Последний день

Мария Курякина
Жизнь – она действительно полосатая. Только узор этот сложнее, чем чёрно-белое «плохо» и «хорошо». Разноцветная жизненная полосатость складывается в радугу, переливающуюся десятками безымянных полуоттенков. И каждый цвет – многосоставная смесь радостей и горестей, так что почти невозможно сказать, нравится он тебе или не очень.

Вот живу я сейчас на зелёной полосе своей радуги: маленькие дети, поставленные на паузу вопросы о самореализации, мамочки-подружки. Вчера всё было зелёное, завтра всё будет зелёное и (разумеется, ошибочно) кажется: я попала. Отныне и навсегда все мои горести (которые кажутся большими) и радости (которые кажутся очевидными) будут зелёными. Но это – ловушка мышления. На самом деле моя зелёная полоса младенческого материнства продлится пять, семь, аще в силах – пятнадцать лет. Это много, но не бесконечно. А значит (невероятно, но факт) мои бессонные ночи, как и мои умиления от беззубых улыбок – явление временное.

Мне трудно поверить, что когда-то была 11-летняя красная полоса школы. А представить, что когда-то начнётся сиреневая полоса «опустевшего гнезда» почти невозможно. Но как бы трудно и невозможно не было, я стараюсь время от времени спрашивать себя: «А что, если этот день последний?» То есть, не последний вообще – память смертная вещь необычайно полезная, но, к сожалению или к счастью, пока что сложно вообразимая. Не доросшая до веры в свою (внезапную) смертность, я думаю о детской версии последнего дня: что, если завтра зелёная полоса жизни сменится жёлтой? Ведь такой опыт у меня уже есть.

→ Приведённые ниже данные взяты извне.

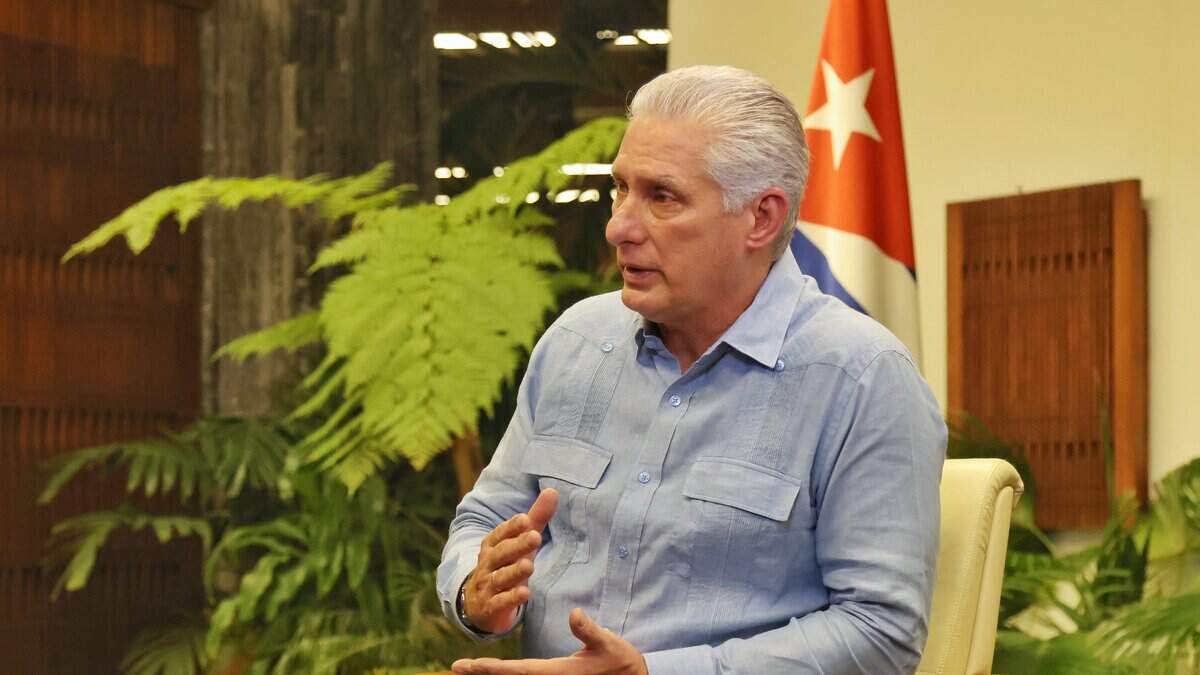 El gobernante cubano Miguel Díaz-Canel durante la entrevista concedida al medio español El Diario el 3 de junio de 2026, en el Palacio de la Revolución, en La Habana, Cuba.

Что если сегодня последний день моего декрета, а завтра дети, съев волшебный пирожок, станут взрослыми и самостоятельными? Как я проведу этот последний вечер своего материнства, какую сказку расскажу им напоследок? Смогу ли умилиться разбросанным машинкам? Разрешу ли им уснуть рядом с собой?

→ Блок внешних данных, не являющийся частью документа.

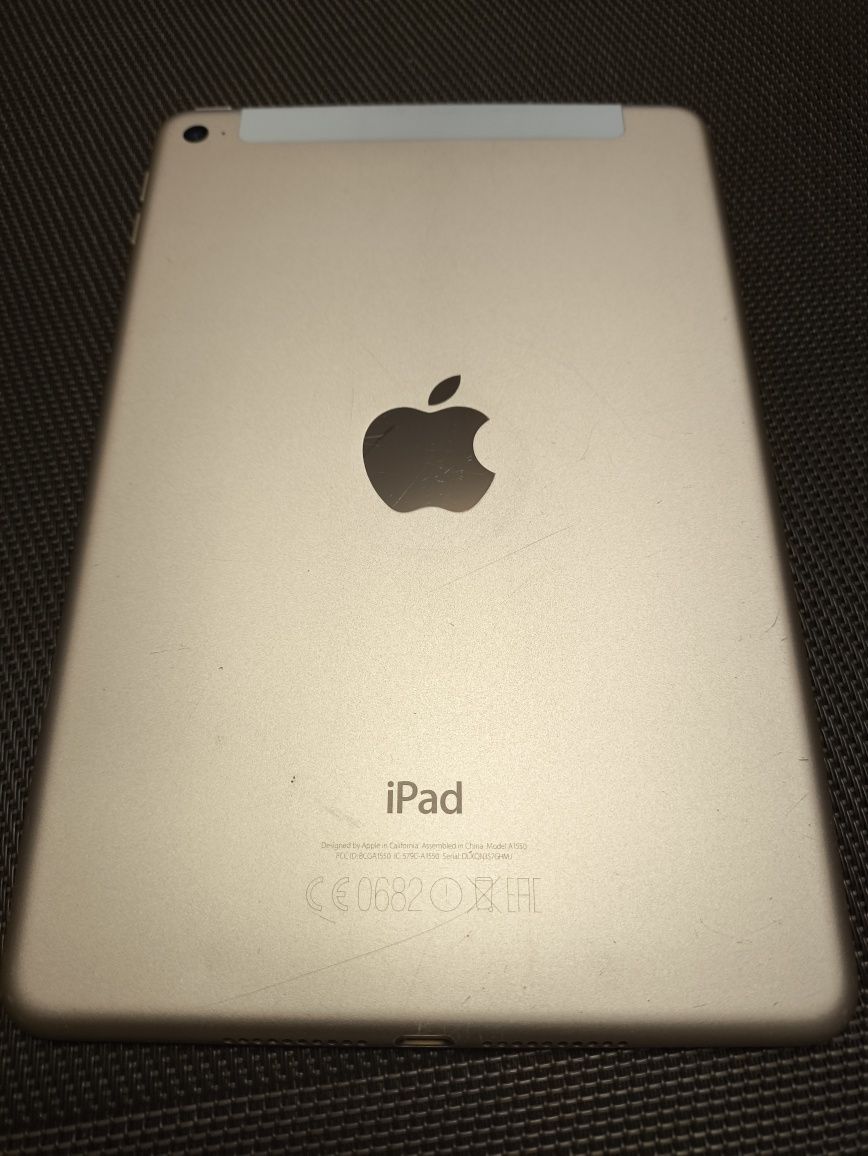 iPad mini 4, A1550, 16 GB, wifi + cellular, pancerne etui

Что если сегодня последний день в этом городе? Вдруг я больше никогда не увижу эти улицы и этих соседей? С какого ракурса я захочу сфотографировать свой прощальный закат, в какую кофейню зайду напоследок, с каким чувством буду складывать в чемоданы посуду и занавески, купленные под этот цвет обоев?

Что если сегодня последняя Литургия в этом храме с этими людьми? За что я, уходя, поблагодарю этого священника, какую Херувимскую захочу спеть с этим составом напоследок? Какие незамеченные ранее мелочи зацепят мой взгляд, когда я, уходя, обернусь?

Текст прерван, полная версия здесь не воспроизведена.